[Captioned web image data]
***

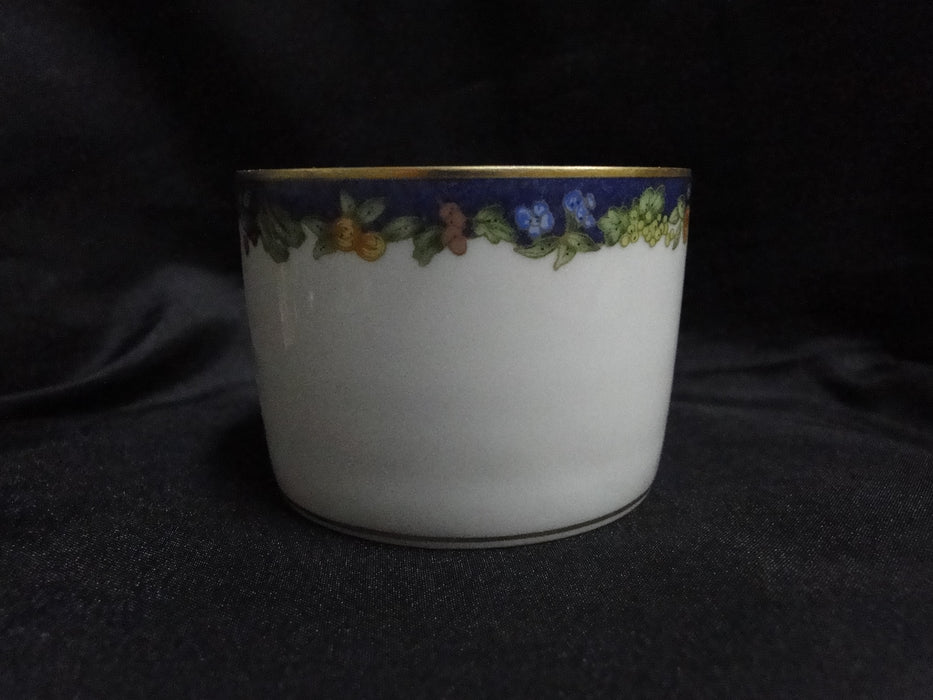 Bernardaud Frutti Fiori, Fruit, Flowers, Blue Rim: Cup & Saucer Set 2 1/8", Nick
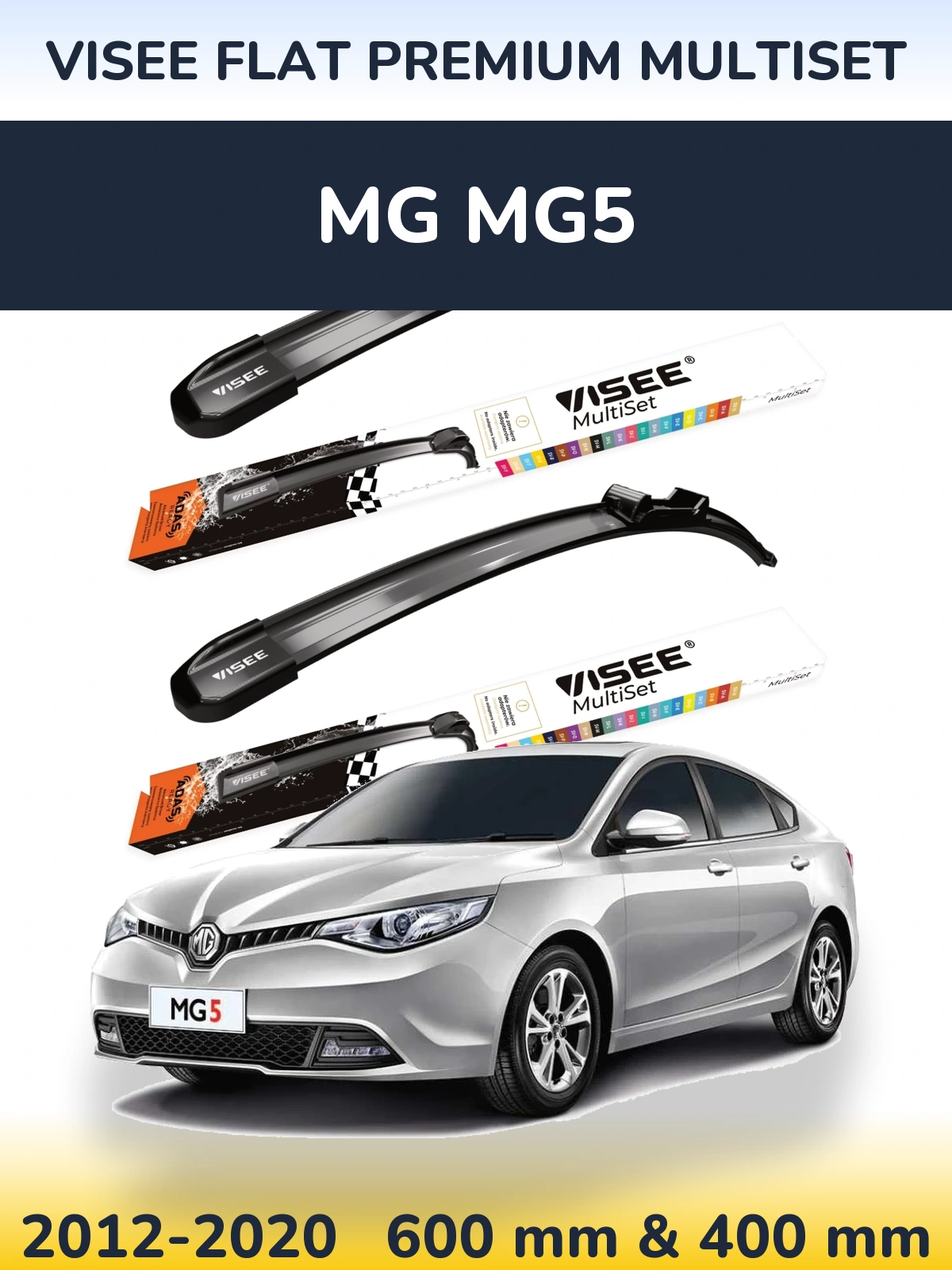 Sada předních stěračů VISEE FLAT PREMIUM MultiSet 600 a 400 mm pro MG MG5 2012-2020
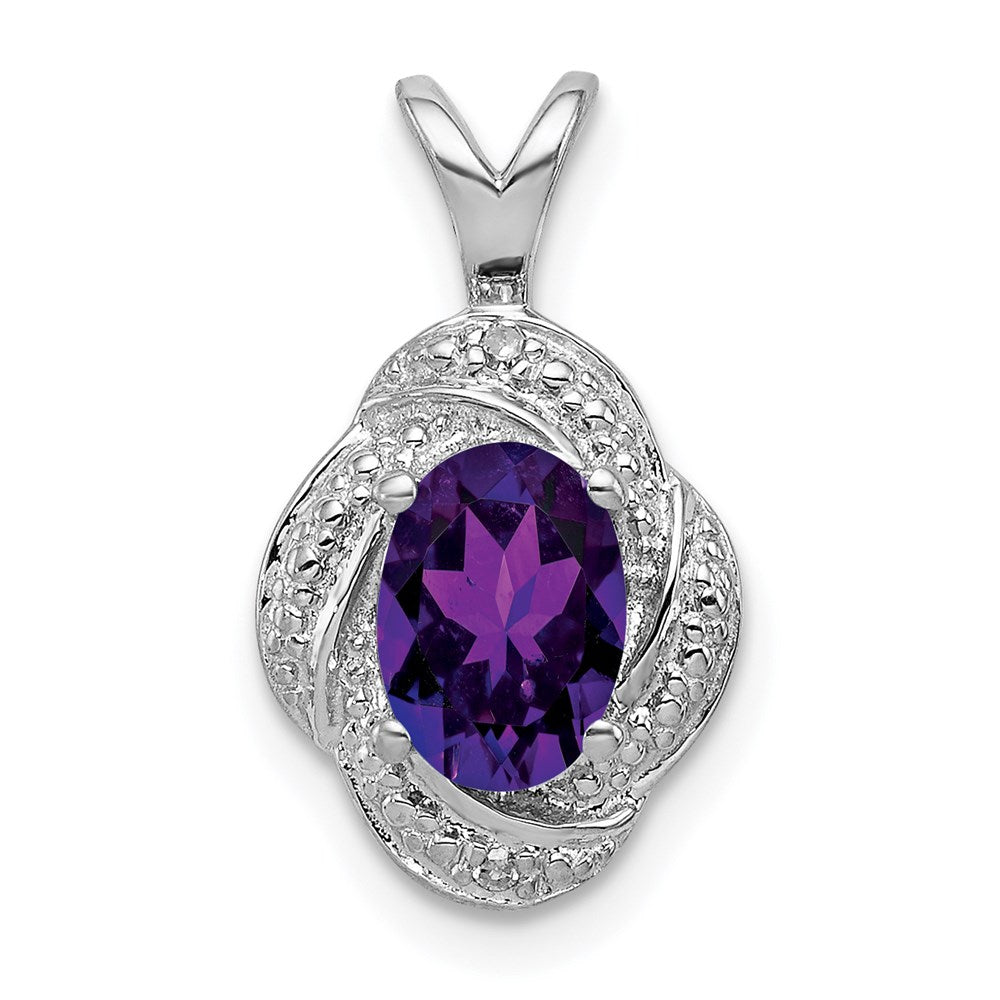 Sterling Silver Rhodium-Plated Diam. & Amethyst Pendant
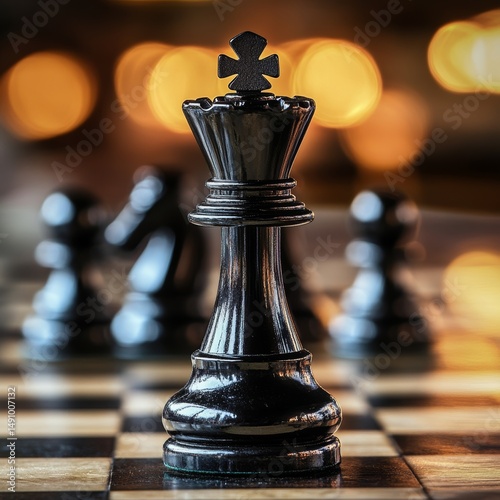 Chess board with chess pieces on it and bokeh background
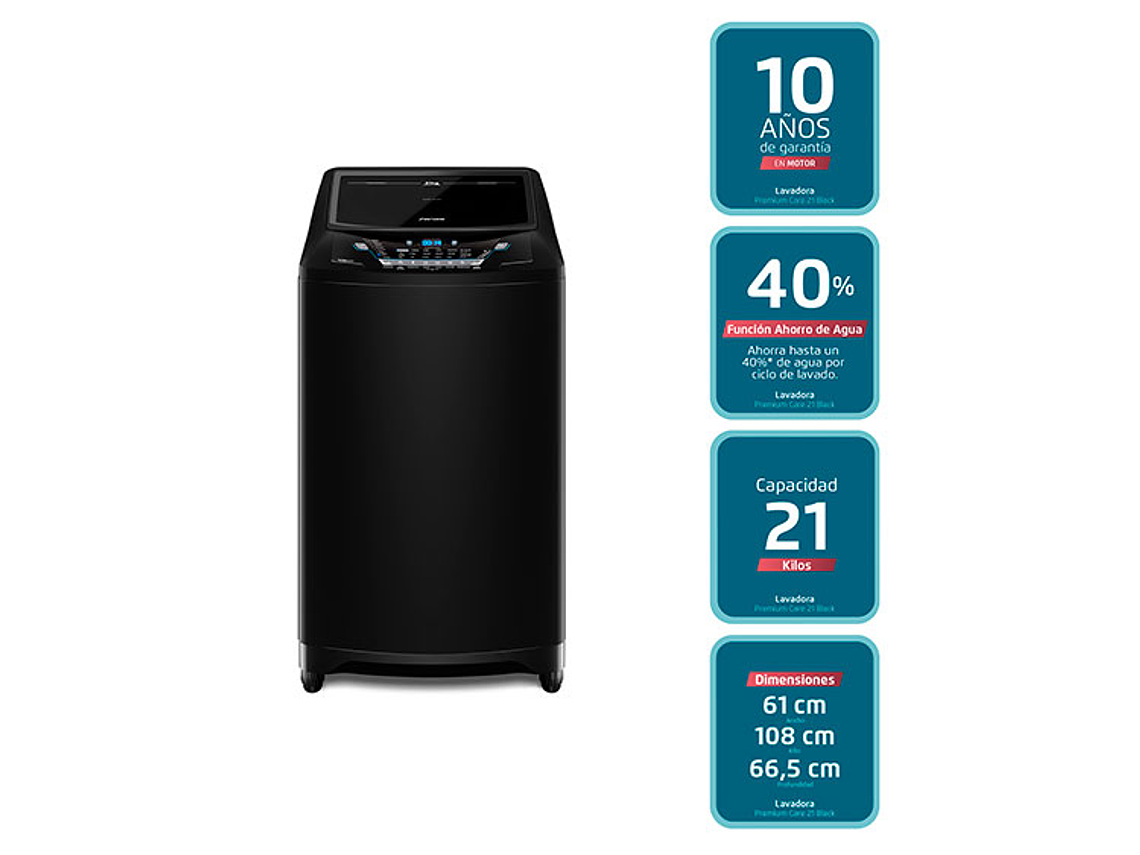 LAVADORA CARGA SUPERIOR FENSA PREMIUM CARE 21 21KG NEGRO 1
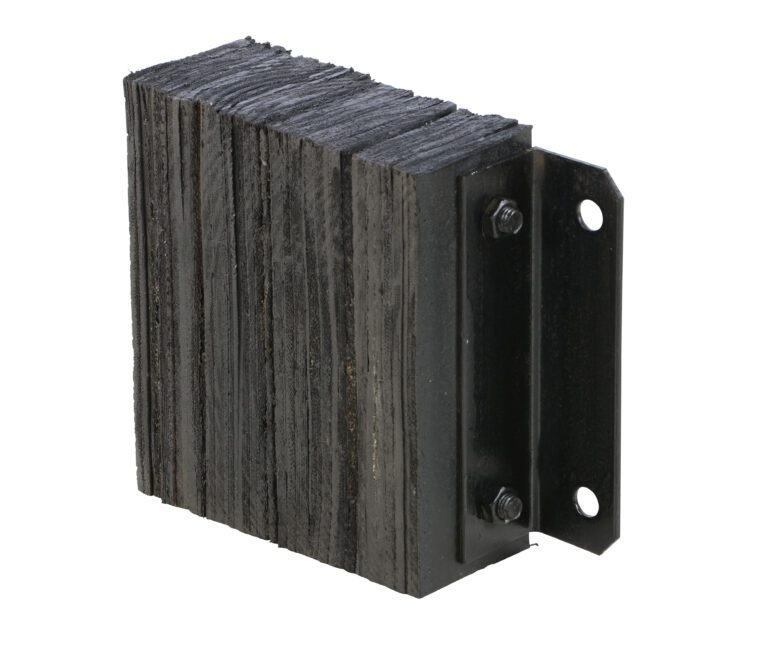 The Vestil Laminated Dock Bumper, 12 x 14 x 4.5 inches, features a dark brown rectangular rubber design with a textured surface and includes a side bracket with two mounting holes secured by bolts. Its isolated on a white background.
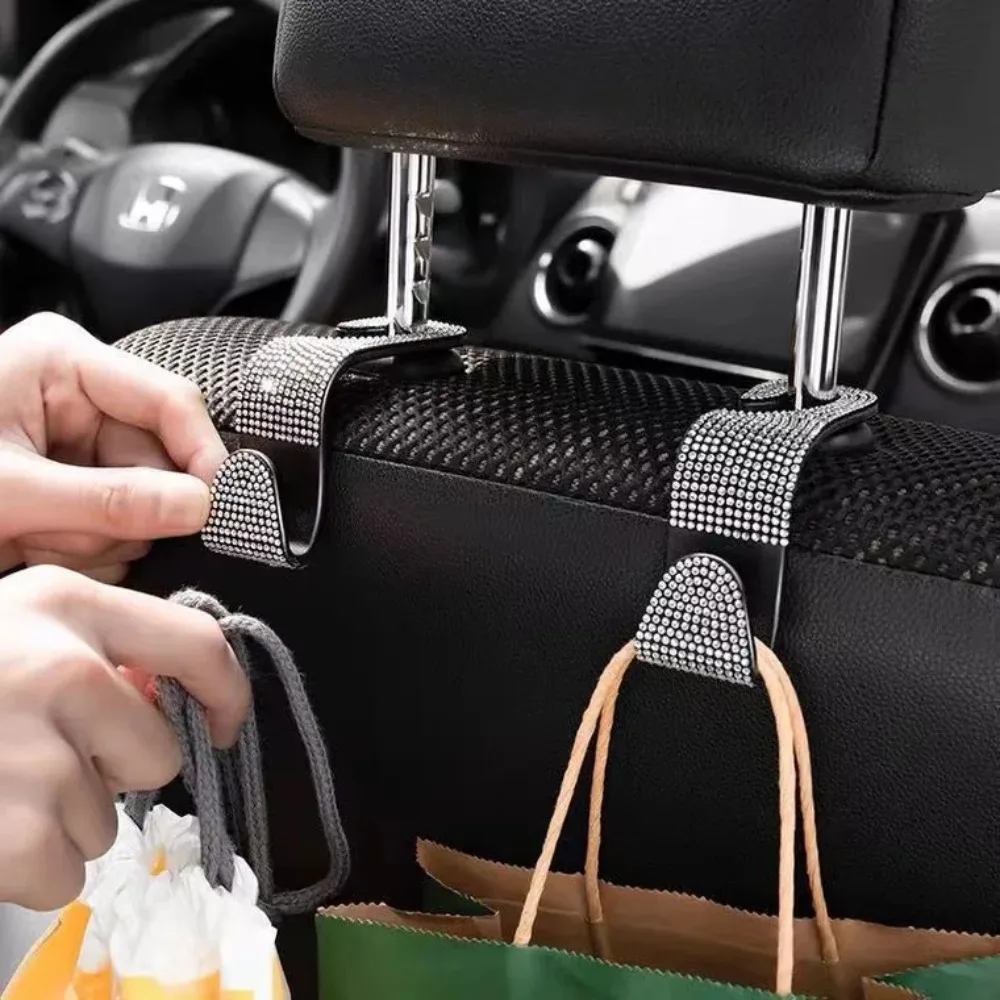 Car Coat Hanger Car Hook Multifunction Portable Rhinestone Car Seat Back Hook Headrest Storage Holder Hanging Bag Organizer Auto Interior Accessories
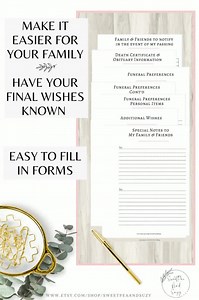 Final Wishes, Printable End of Life Planner to Fill in Your Funeral or Memorial Preferences, Arrangements, Helpful Check List Included, #105 - Etsy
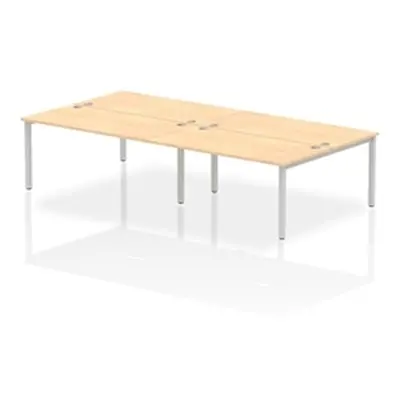 Impulse Bench B2B 4 Person 1600 Silver Frame Office Bench Desk Maple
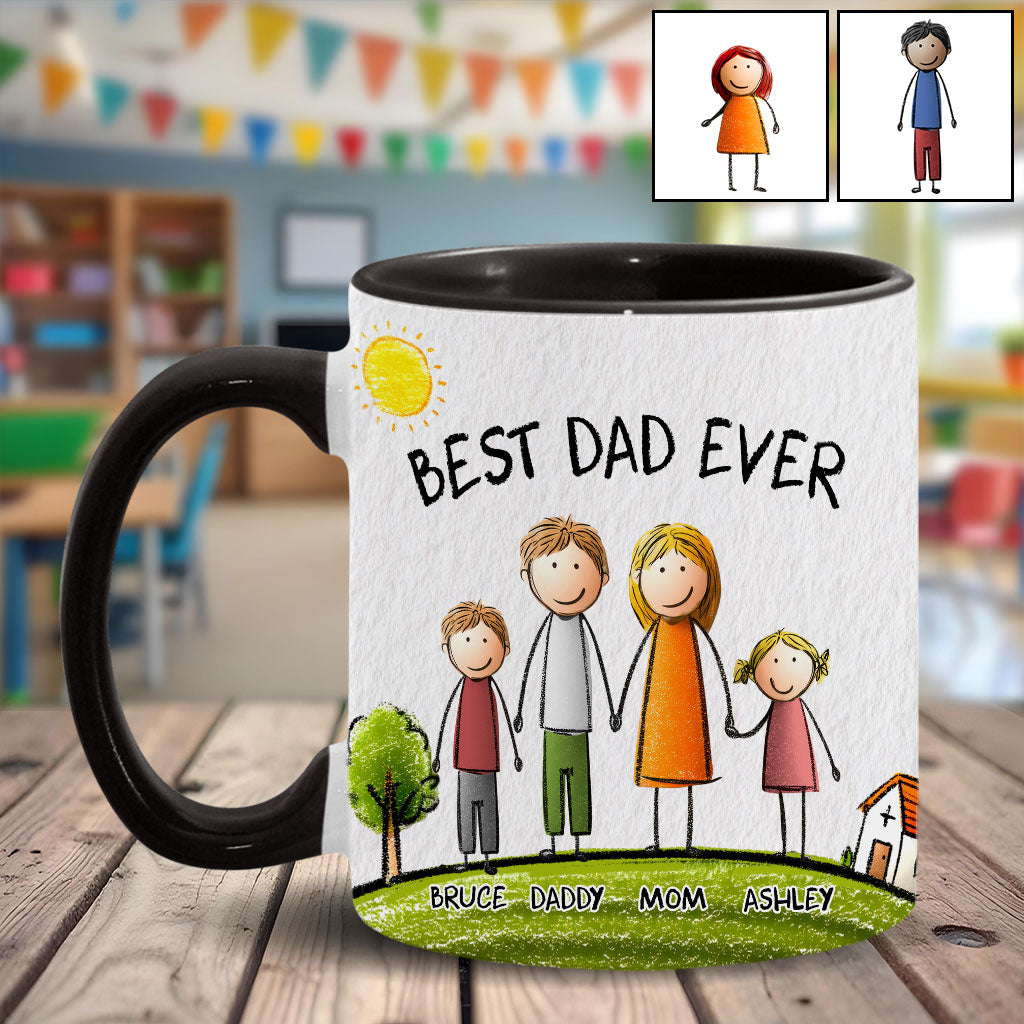 Best Dad Ever - Personalized Father Accent Mug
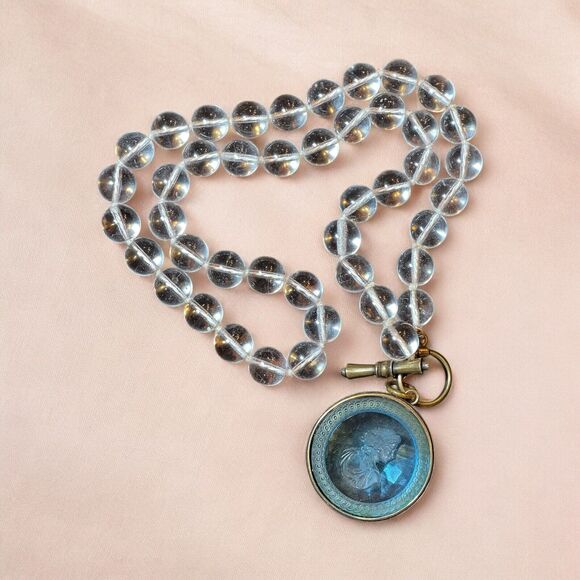 Retired Extasia Glass Intaglio Cameo Pendant Pools of Light Glass Bead Necklace - Picture 7 of 16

***

■ Work instruction
Word for word, reproduce all of the data, but keep out the pictures.

■ Response below
 Bernardaud Frutti Fiori, Fruit, Flowers, Blue Rim: Cup & Saucer Set 2 1/8", Nick
 Sada předních stěračů VISEE FLAT PREMIUM MultiSet 600 a 400 mm pro MG MG5 2012-2020
 Sterling Silver Rhodium-Plated Diam. & Amethyst Pendant
 Chess board with chess pieces on it and bokeh background
 LAVADORA CARGA SUPERIOR FENSA PREMIUM CARE 21 21KG NEGRO 1
 The Vestil Laminated Dock Bumper, 12 x 14 x 4.5 inches, features a dark brown rectangular rubber design with a textured surface and includes a side bracket with two mounting holes secured by bolts. Its isolated on a white background.
 Car Coat Hanger Car Hook Multifunction Portable Rhinestone Car Seat Back Hook Headrest Storage Holder Hanging Bag Organizer Auto Interior Accessories
 Final Wishes, Printable End of Life Planner to Fill in Your Funeral or Memorial Preferences, Arrangements, Helpful Check List Included, #105 - Etsy
 Impulse Bench B2B 4 Person 1600 Silver Frame Office Bench Desk Maple
 Best Dad Ever - Personalized Father Accent Mug
 Retired Extasia Glass Intaglio Cameo Pendant Pools of Light Glass Bead Necklace - Picture 7 of 16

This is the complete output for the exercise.